また、図5(b)に示すように、比較例2の場合には、はんだにボイドが生成されていた。図5(a)に示すように、実施例1の場合には、はんだにボイドは生成されておらず、比較例1の場合も同様であった。
〔考察1〕
実施例1、2及び比較例2の試験体の密着強度が比較例1のものに比べて高かったのは、第1の金属皮膜の密着性が高かったからであると考えられる。また、実施例1の如く、熱処理を行った場合、実施例2に比べてさらに密着強度が向上するのは、熱処理により第1及び第2の金属皮膜の密着強度(接合強度)が向上したからであるといえる。
また、比較例2のパワーモジュールは、実施例1のものに比べて密着強度は高いが、比較例2の接合材であるはんだにボイドが形成されているのは、第1の金属皮膜に内包された搬送ガスがはんだ付け時に放出されたことが起因すると考えられる。したがって、比較例2の試験体は、はんだの濡れ性が良いものであるとはいえない。このような結果、実施例1および2のパワーモジュールは、ボイドが生成された比較例2のパワーモジュールに比べて、熱伝導性が良いといえる。
(実施例3)
実施例1と同じようにして、試験体を作製した。実施例1と相違する試験体は、図7の表の○印に示す加熱温度(熱処理温度)および熱処理時間の加熱条件で、第1および第2の金属皮膜を加熱することにより、熱処理工程を行った点である。そして、基材(Al基材)と第一の金属皮膜(Cu層)との界面近傍を顕微鏡により観察した。この結果を図6(a)、図7の○に示す。なお、図6(a)は、熱処理温度360℃、熱処理時間60分の熱処理条件の結果である。
(比較例3)
実施例1と同じようにして、試験体を作製した。実施例1と相違する試験体は、図7の表の×印に示す加熱温度(熱処理温度)および熱処理時間の加熱条件で、第1および第2の金属皮膜を加熱することにより、熱処理工程を行った点である。そして、基材(Al基材)と第一の金属皮膜(Cu層)との界面を顕微鏡により観察した。この結果を図6(b)、図7の×に示す。なお、図6(b)は、加熱温度550℃、熱処理時間60分の熱処理条件の結果である。さらに、この図6(b)に示した熱処理条件で、上述した図3に示す試験体を作製し、実施例1と同様の密着強度試験を行った。この結果を図8に示す。なお、図8には、上述した実施例1の試験結果も合わせて示した。
〔結果2および考察〕
図6(a)、図6(b)及び図7に示すように、実施例3の場合には、基材と第1の金属皮膜との間に生成されたAl−Cu合金相の厚さは20μm以下となっていたが、比較例3の場合には、基材と第1の金属皮膜との間に生成されたAl−Cu合金相の厚さは20μmを超えていた。Al−Cu合金相と、銅層との間に隙間が生じていた。20μmの厚さを超えてAl−Cu合金相が成長すると、Al−Cu合金化による熱収縮により、Al−Cu合金相と銅層との間に隙間が生じたものと考えられる。なお、上述した実施例1の熱処理条件の場合には、基材と第1の金属皮膜との間に生成されたAl−Cu合金相の厚さは20μm以下となっていると考えられる。なお、加熱条件が、300℃であっても、1時間を越えて熱処理を行なえば、上述したのと同様に好適な熱処理を行なうことができると考えられる。
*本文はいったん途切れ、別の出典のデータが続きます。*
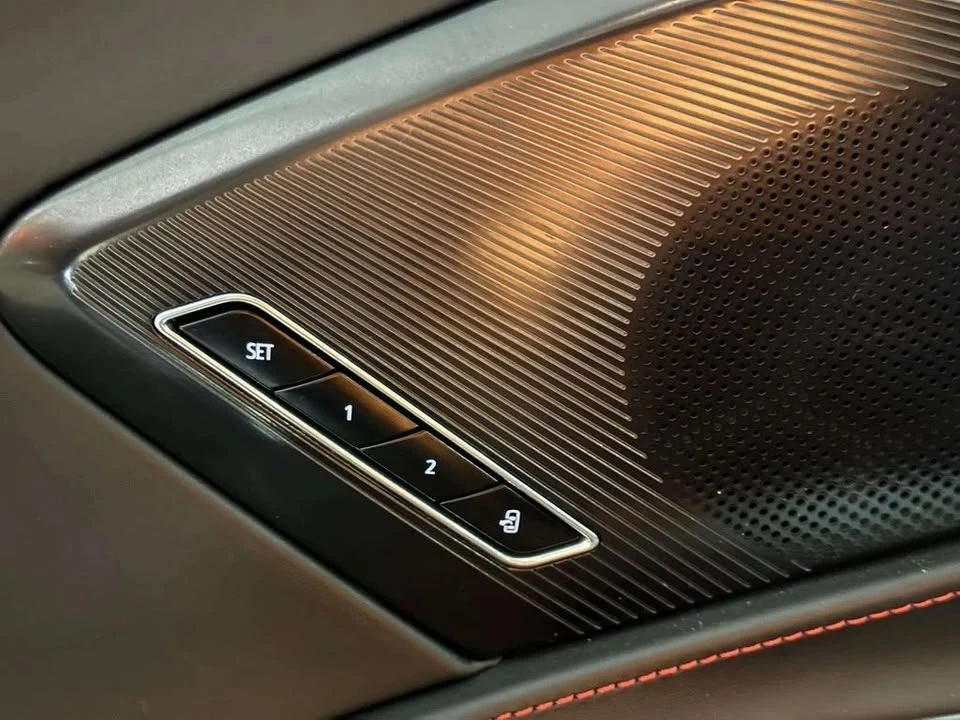 2023 Chevrolet Corvette C8 - Image 20 of 20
さらに、図8に示すように、実施例1に比べて、比較例3の試験体の密着強度は、低くなっており、破断位置は、基材11と第1の金属皮膜12との界面(より正確には、Al−Cu合金相と銅層との間)にあった。以上の結果から、比較例3の如く、Al−Cu合金相が20μmを超えた場合には、Al−Cu合金化が起因して、熱処理後に基材に対する金属皮膜の密着強度が低下すると考えられる。
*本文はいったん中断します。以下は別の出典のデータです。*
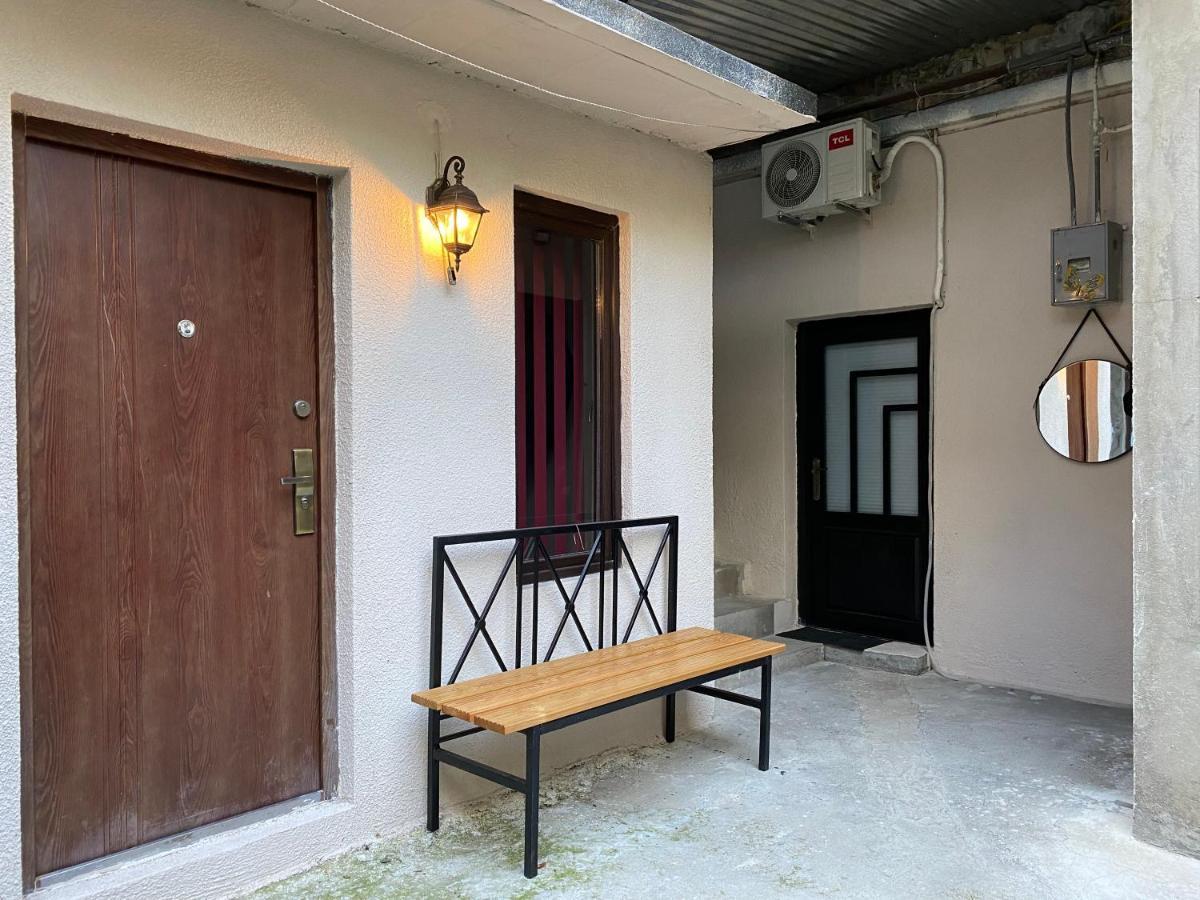 Guest House Gml-2 Tbiliszi Kültér fotó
以上、本発明の実施形態及び実施例について詳述したが、本発明は、前記の実施形態に限定されるものではなく、特許請求の範囲に記載された本発明の精神を逸脱しない範囲で、種々の設計変更を行うことができるものである。
11:基材、12:第1の金属皮膜、13:第2の金属皮膜、14:接合材(はんだ)、15:パワーモジュール、16:ピン、20:成膜装置、21:圧縮ガス供給手段、21a:圧力調整弁、21b:加熱手段、22:金属粉末供給手段、22a:ホッパー、23:スプレーガン、23a:ヒータ、24:移動手段、31:マスキング材、32:加熱炉、33:熱源

Claims (5)

  1. 固相状態の金属粉末を圧縮された搬送ガスと共に吹き付けることにより、接合部材をはんだ付けするための金属皮膜を、基材の表面に成膜する成膜工程を少なくとも含むパワーモジュールの製造方法であって、
    前記成膜工程は、前記搬送ガスが内包されるような吹き付け圧で前記基材の表面に前記金属粉末を吹き付けることにより、前記基材の表面に、前記金属粉末からなる第1の金属皮膜を成膜する第1成膜工程と、
    該第1成膜工程における前記金属粉末の吹き付け圧よりも低い吹き付け圧で、前記金属粉末を前記第1の金属皮膜の表面に吹き付けることにより、前記第1の金属皮膜の表面に、前記金属粉末からなる第2の金属皮膜を成膜する第2成膜工程と、を少なくとも含むことを特徴とするパワーモジュールの製造方法。
  2. 前記第1および第2の金属皮膜を、還元性ガスを含む雰囲気下で熱処理する熱処理工程をさらに含むことを特徴とする請求項1に記載のパワーモジュールの製造方法。
  3. 前記第1成膜工程における前記金属粉末として水アトマイズ粉末を用い、前記第2成膜工程における前記金属粉末として電解粉末を用いることを特徴とする請求項1または2に記載のパワーモジュールの製造方法。
  4. 前記金属粉末に、銅または銅合金を用い、前記基材に、アルミニウム、アルミニウム合金、またはアルミニウムを主材としたセラミックス用いることを特徴とする請求項1〜3のいずれかに記載のパワーモジュールの製造方法。
  5. 前記熱処理工程において、前記基材と前記第1の金属皮膜との間に、Al−Cu合金相の厚さが20μm以下になるように、300℃〜550℃の加熱条件で、前記第1および第2の金属皮膜を、加熱することを特徴とする請求項4に記載のパワーモジュールの製造方法。